Mott did as he was told. He ran to the nursery and back as fast as he could; but, unobserved by him, Floss managed to run after him and crept into the study so quietly that her father never noticed her.

Maurice laid the old paint-box and the half-sovereign down on the table in front of his father; Captain Desart held up the little coin between his finger and thumb.

"Now," he said, "Carrots, look at this. Did you or did you not take this piece of money out of nurse's drawer and hide it away in your paint-box?"

Carrots stared hard at the half-sovereign.

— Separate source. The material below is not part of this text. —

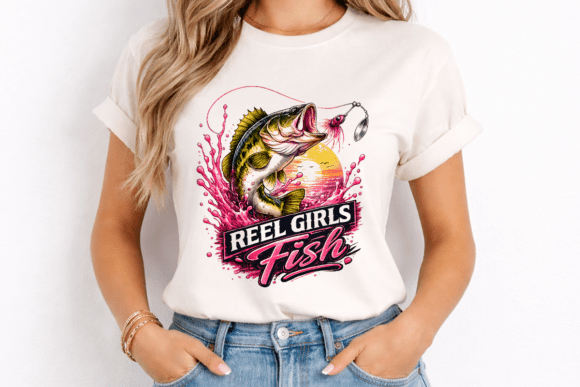 Reel Girls Fish T-Shirt PNG: Bold Graphic for Apparel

"I did put it in my paint-box," he said, and then he stopped.

"What for?" said his father.

"I wanted to keep it for a secret," he replied. "I wanted to – to – "

"What?" thundered Captain Desart.

"To buy something at the toy-shop with it," sobbed Carrots.

Captain Desart sat down and looked at Mott for sympathy.

"Upon my soul," he said, "one could hardly believe it. A child that one would think scarcely knew the value of money! Where can he have learnt such cunning; you say you are sure he was told of nurse's having lost a half-sovereign?"

"Oh, yes," said Mott; "he confesses to that much himself."

"Floss told me," said Carrots.

"Then how can you pretend you didn't know this was nurse's – taking it out of her drawer, too," said his father.

"I don't know. I didn't take it out of her drawer; it was 'aside Floss's doll," said Carrots.

"He's trying to equivocate," said his father. Then he turned to the child again, looking more determined than ever.

"Carrots," he said, "I must whip you for this. Do you know that I am ashamed to think you are my son? If you were a poor boy you might be put in prison for this."

Carrots looked too bewildered to understand. "In prison," he repeated. "Would the prison-man take me?"

"What does he mean?" said Captain Desart.

Floss, who had been waiting unobserved in her corner all this time, thought this a good opportunity for coming forward.

"He means the policeman," she said. "Oh, papa," she went on, running up to her little brother and throwing her arms round him, the tears streaming down her face, "oh, papa, poor little Carrots! he doesn't understand."

"Where did you come from?" said her father, gruffly but not unkindly, for Floss was rather a favourite of his. "What do you mean about his not understanding? Did you know about this business, Floss?"

"Oh no, papa," said Floss, her face flushing; "I'm too big not to understand."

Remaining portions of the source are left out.